Bill stared at the old man for a minute, "Like, voices in your head answers? Or 'prayers coming true' sort of answers?"
The old man looked out into the night, focusing on something that Bill couldn't see, he cleared his throat before answering, "I'm not crazy, at least I don't think so. At first I ignored them. It's like, well you ever been to a baseball game?"
"I've been to a few I–Cubs games, but never to a major league game."

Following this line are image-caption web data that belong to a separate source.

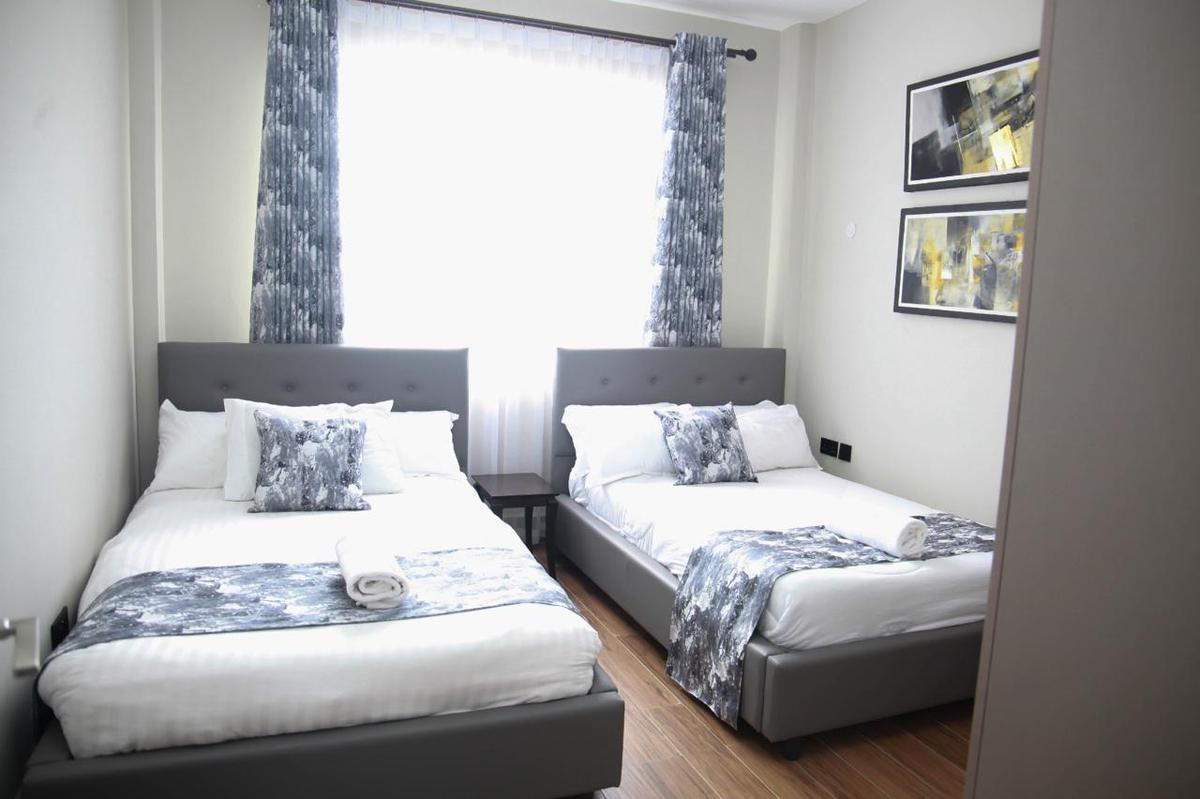 2 Bed Apartment with En Suite at Lavington - 10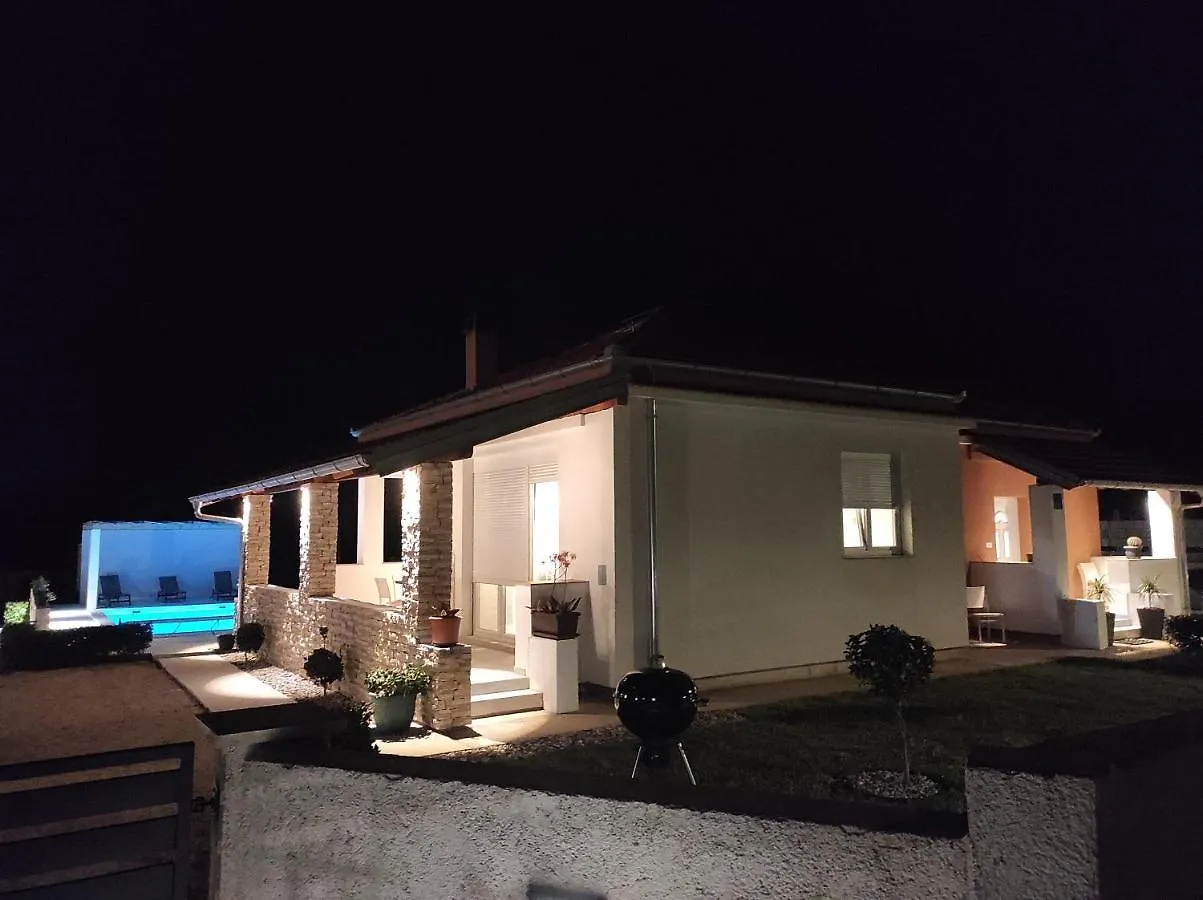 Villa Holidayhouse Alirio With Heated Pool. Vrsi
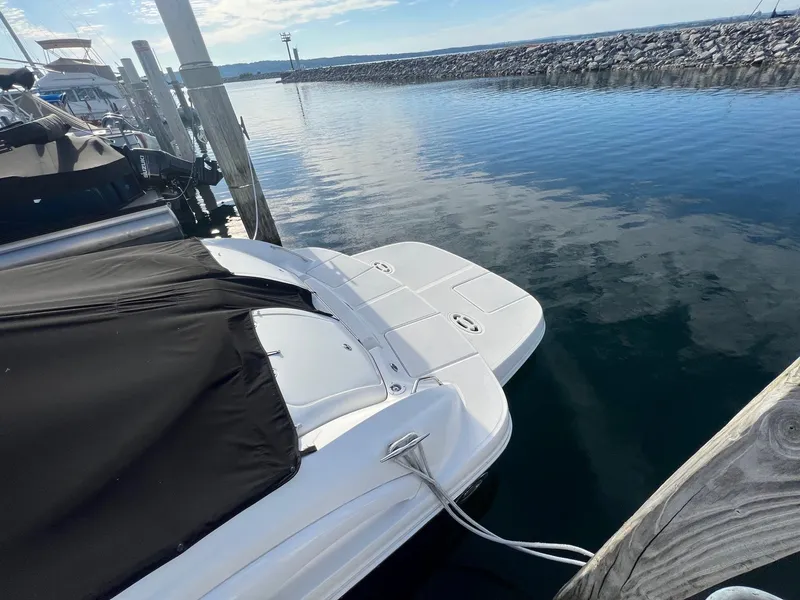 Slide: The Image of Sea Ray 290 Sun Sport 2004 - 8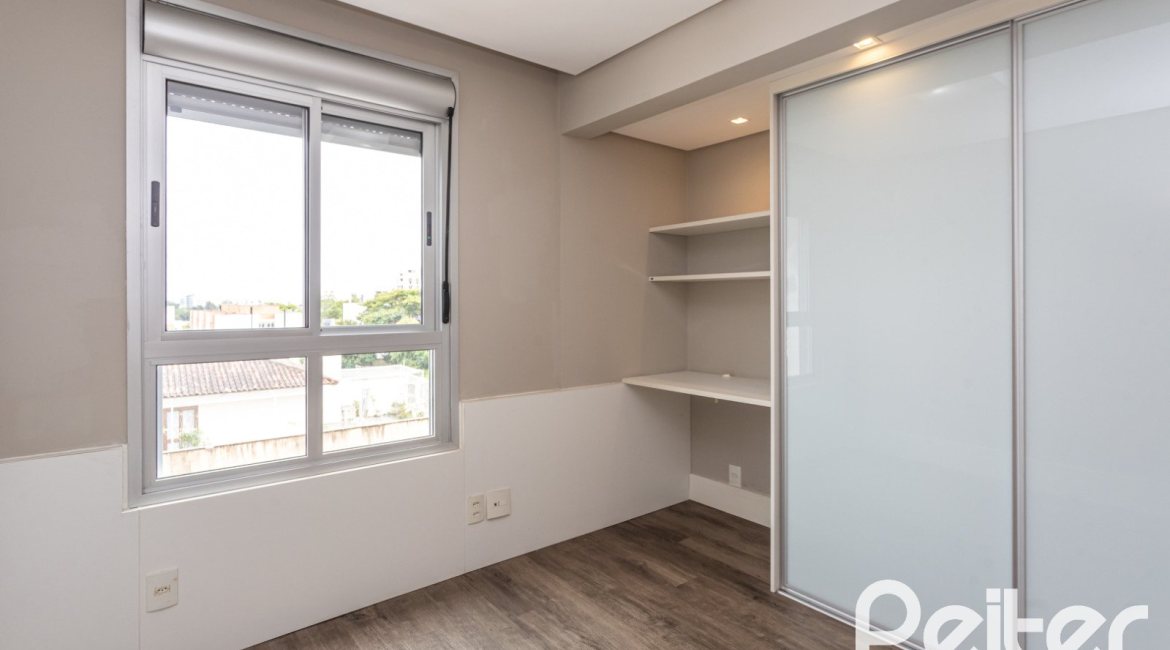 Apartamento à venda com 91m², 3 dormitórios, 1 suíte, 2 vagas, no bairro Tristeza em PORTO ALEGRE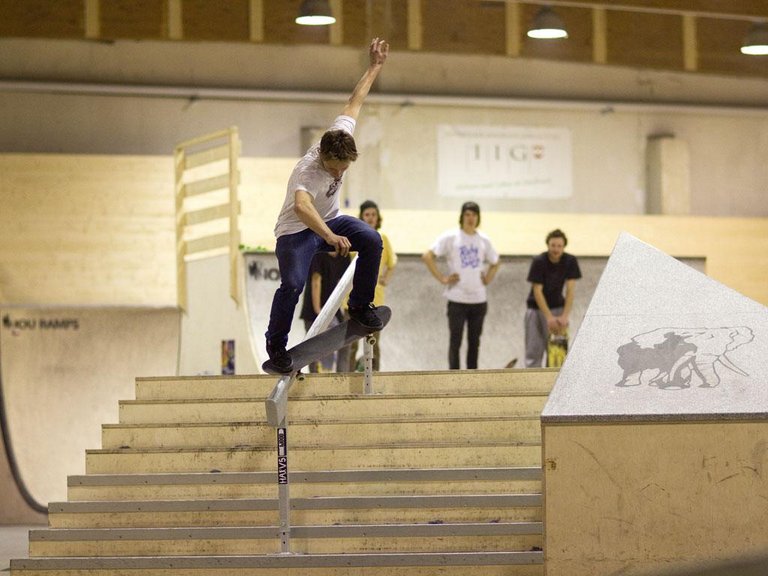 Skate-Session unter Dach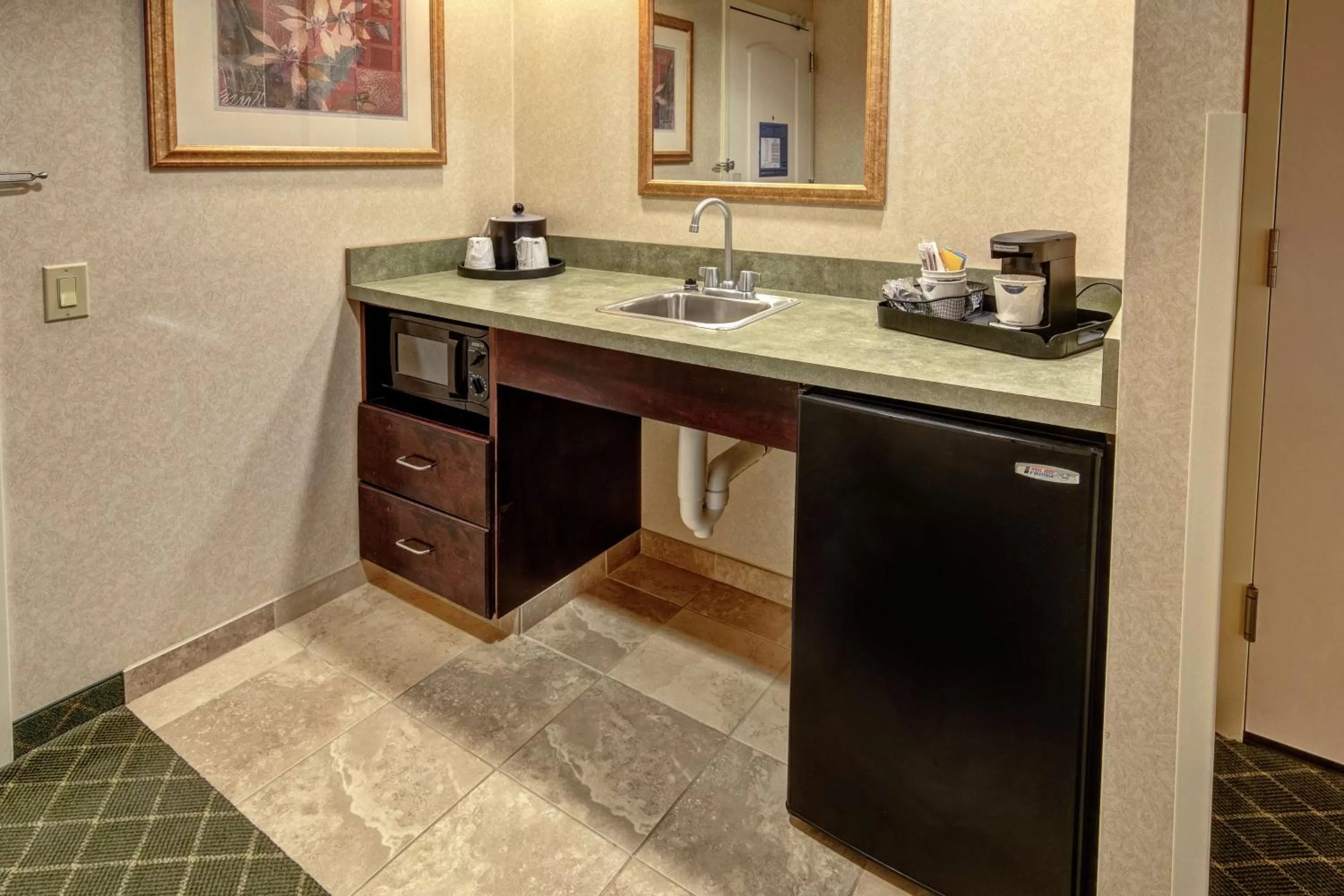 Kitchen or kitchenette in Hampton Inn Cambridge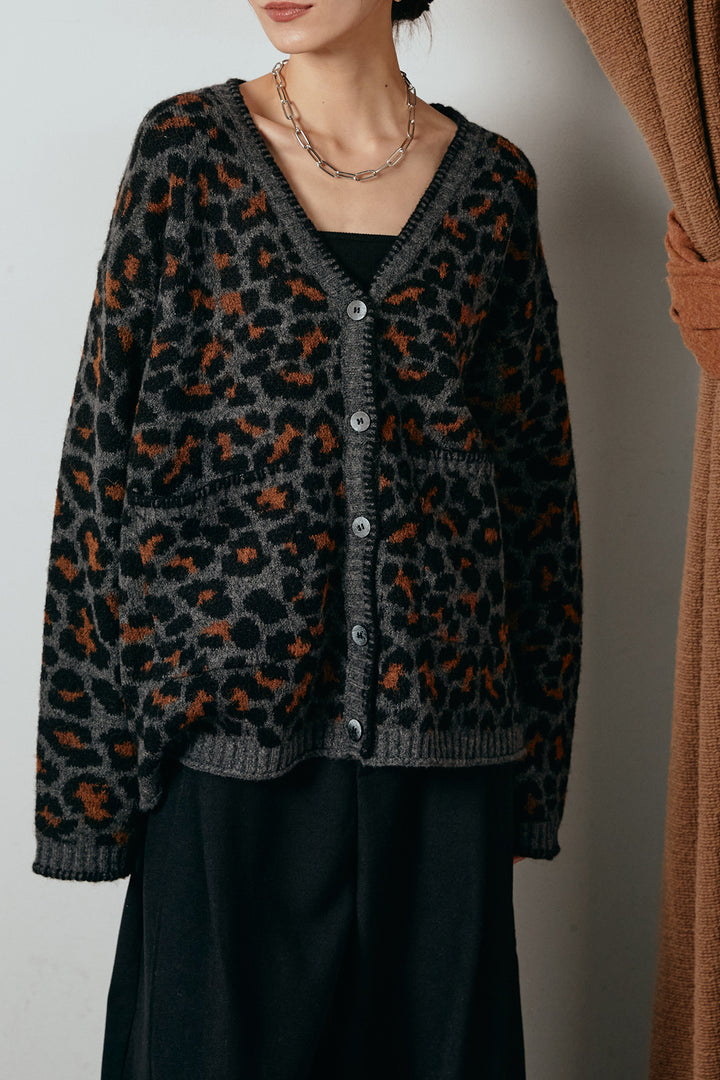 [SET]ステッチデザインレオパードニットカーディガン+ポーチベルト付きカーブパンツ(2set)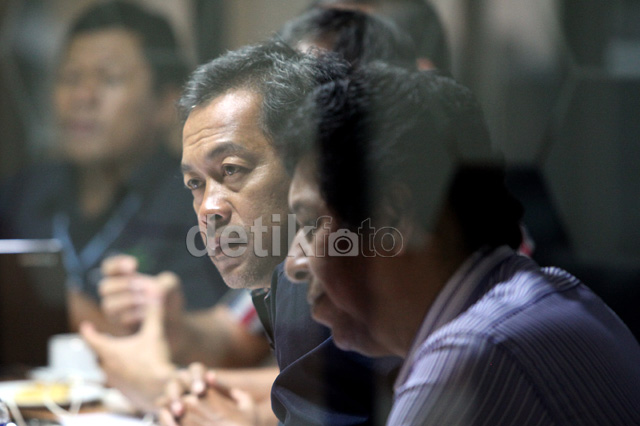 Aji Santoso mengikuti rapat dengan PSSI, PT Liga Indonesia, dan BTN di Kantor PSSI, Senayan, Jakarta, Jumat (16/1/2015).
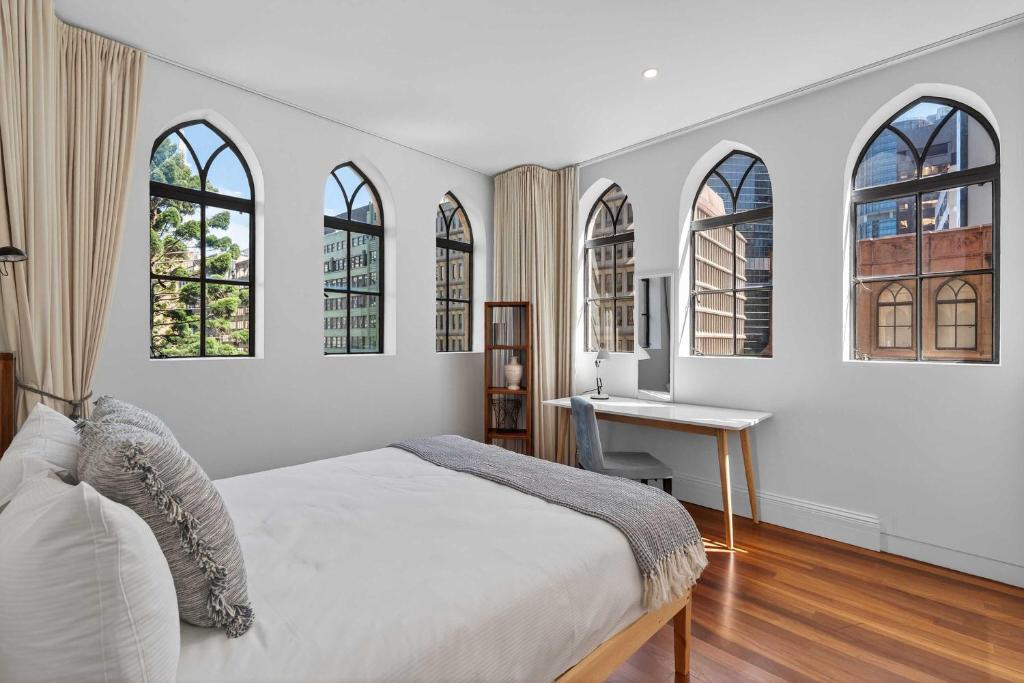 Split Level City Loft with Private Balcony, Sydney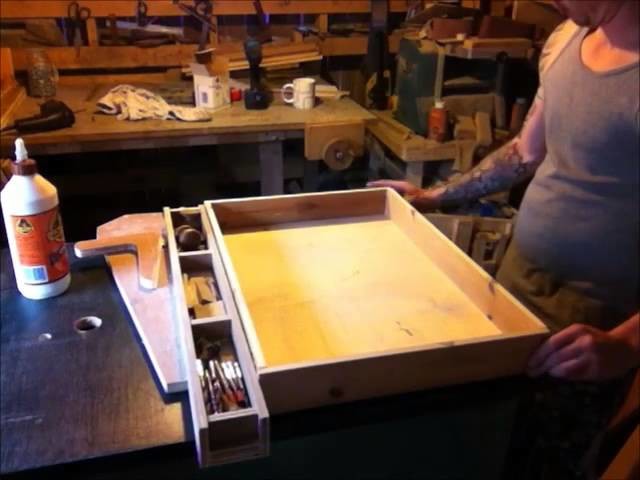 Making and adding a drawer to a table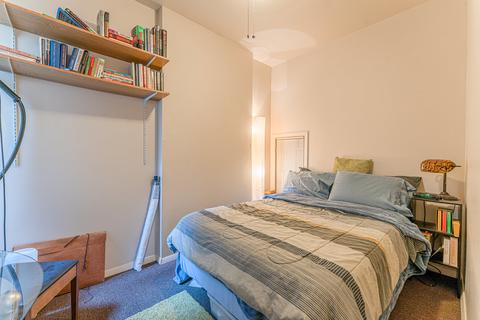 3625 S Emerald Ave, Chicago, IL 60609 photo 4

"It's kind of like that, the crowd just sort of murmurs in the background, making a noise you just overlook to get on with your own talking. But when you are at a game and your own conversation stops, you might pick up on what people nearby are saying. You following me?"
"Yeah, or even at a restaurant."
"Yes, like that. Well if I kind of stop thinking about anything in particular, I can hear people. I thought it was just people like you and Stewart the other day. But it's not just them. It's people I can't see. People I am pretty sure are dead."